Questo nuovo CD riporta pregi (molti) e difetti (qualcuno) del precedente album. La slide viaggia sempre alla grande: per credere, provate a sentire il terrificante strumentale Behind The 8, dove Sardinas si conferma l’erede dello stile pirotecnico, tra R&R e Blues, del grande Johnny Winter.

Ci sono brani come Goodness e Burnin’ Sugar dove il suono assume sapori tra southern rock e rock “classico” alla Black Crowes, con le chitarre acustiche ed elettriche che si fondono al suono delle tastiere e i coretti delle backing vocalists si aggiungono alla voce più “educata” di Eric.

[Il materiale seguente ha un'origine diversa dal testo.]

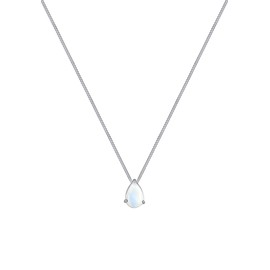 Elli Women's Elegant Drop Pendant Necklace with Moonstone in 925 Sterling Silver Gold-Plated, Sterling Silver Sterling silver Moonstone, Moonstone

E possiamo aggiungere anche l’iniziale Cherry Wine a questo nuovo corso musicale, sempre ottimo e piacevole ma “diverso” dal suono più selvaggio e meno curato dei primi dischi. Road to Ruin, più tirata e bluesata ci fa gustare il lato più ruspante della sua musica. Anche Full Tilt Mama con il suo pianino scatenato aggiunto non è male, mi ha ricordato, anche per la foga di Sardinas, certe cose del Rory Gallagher più ispirato di metà anni ’70.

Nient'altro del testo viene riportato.